Experts say renewable energy could provide a major shot in the arm for the region's economy and manufacturing sector. But are we lagging behind the rest of the UK?
By failing to support enough renewable energy projects the West Midlands is not only missing out on sustainable future for its energy supply, but also for its manufacturing, an industry expert has claimed.
Bob Dorman, project manager for Birmingham-based WindSupply – a national organisation promoting manufacturing opportunities in renewable energy - said that while business leaders and public bodies were predicting the industry’s demise, they were missing a big opportunity to boost it.
He said: "Manufacturing in the West Midlands is not dead, but it will be if we don’t support it. Environmental technologies are all about manufacturing and engineering and we have more of this in the Midlands than anywhere in the UK.
"What we need are renewable energy demonstration projects showing off the skills of our local industry. But instead the region lags behind much of the UK for renewable energy projects."
As North Sea gas runs out, the UK has become increasingly dependant on importing fossil fuels from other countries and has started to look at renewables as a way of securing energy security.
A Government Office West Midlands (GOWM) report has estimated that the West Midlands could generate up to 3,000 gigawatt hours of electricity from renewable energy each year – equivalent to ten per cent of what the region uses.

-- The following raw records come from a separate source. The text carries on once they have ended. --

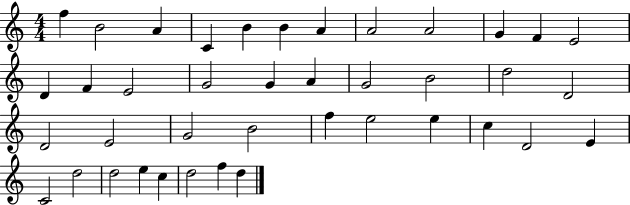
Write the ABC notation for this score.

X:1
T:Untitled
M:4/4
L:1/4
K:C
f B2 A C B B A A2 A2 G F E2 D F E2 G2 G A G2 B2 d2 D2 D2 E2 G2 B2 f e2 e c D2 E C2 d2 d2 e c d2 f d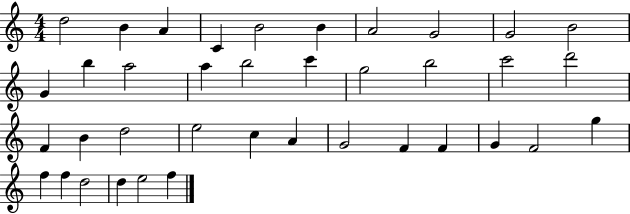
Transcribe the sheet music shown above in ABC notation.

X:1
T:Untitled
M:4/4
L:1/4
K:C
d2 B A C B2 B A2 G2 G2 B2 G b a2 a b2 c' g2 b2 c'2 d'2 F B d2 e2 c A G2 F F G F2 g f f d2 d e2 f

But in the region’s energy strategy – launched in 2004– the target for green electricity is just five per cent of consumption by 2010.
Ralph Hepworth, head of environmental technologies at Advantage West Midlands, hit back at Mr Dorman’s criticisms and said the groundwork was in place for more West Midlands renewable projects.
"The problem is that the West Midlands suffers from an excess of honesty. Many regions have chosen to use the government target of ten per cent of energy generated should be renewable.
"The West Midlands is a big consumer of energy that has traditionally been imported from elsewhere. So when you look at it like that, five per cent of consumption is an ambitious target."
Mr Hepworth added that there had been efforts made to engage the region’s businesses in renewable energy and said that he expected to see a number of new projects launched in the coming months.
Andy Stevenson, director of Energy West Midlands, the region’s energy office said there was also a problem that the region was not suited to some of the more obvious forms of renewable energy. He said: "Because of the region’s geography, large-scale wind power developments - which in other parts of the UK can deliver cost-effective renewable energy - are unlikely to be a viable option.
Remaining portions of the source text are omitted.